Given data -
◇ ◇ ◇ ◇

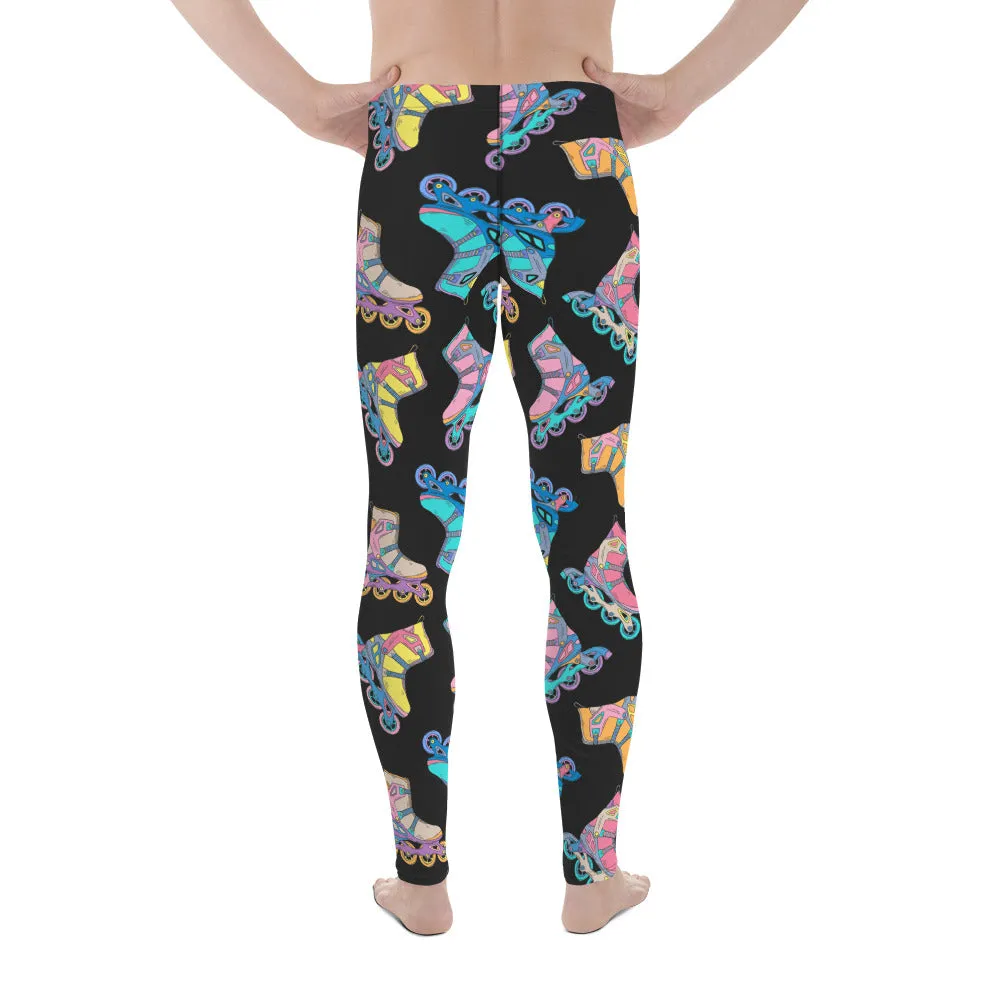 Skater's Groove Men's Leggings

◇ ◇ ◇ ◇

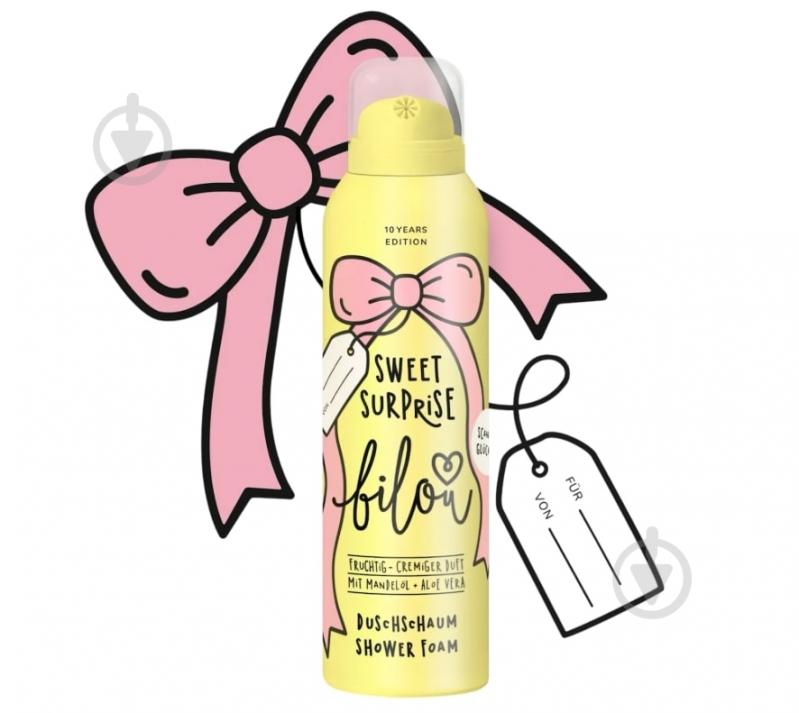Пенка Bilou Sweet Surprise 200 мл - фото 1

◇ ◇ ◇ ◇

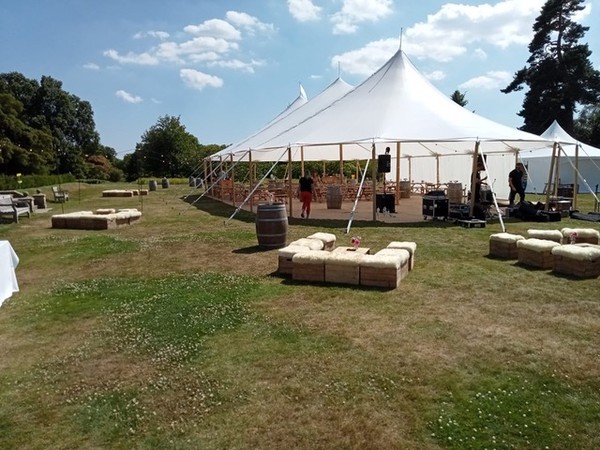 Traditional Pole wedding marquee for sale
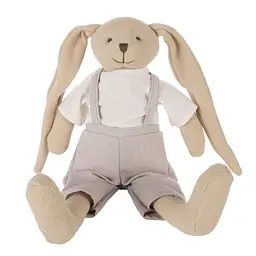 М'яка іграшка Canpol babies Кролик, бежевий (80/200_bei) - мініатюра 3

◇ ◇ ◇ ◇

Exercise details - Only one part of the listing is wanted: the lines from the one containing "Traditional Pole wedding marquee for sale" through the one containing "М'яка іграшка Canpol", both included. Please transcribe it exactly, leaving out the pictures.

Answer section -
 Traditional Pole wedding marquee for sale
 М'яка іграшка Canpol babies Кролик, бежевий (80/200_bei) - мініатюра 3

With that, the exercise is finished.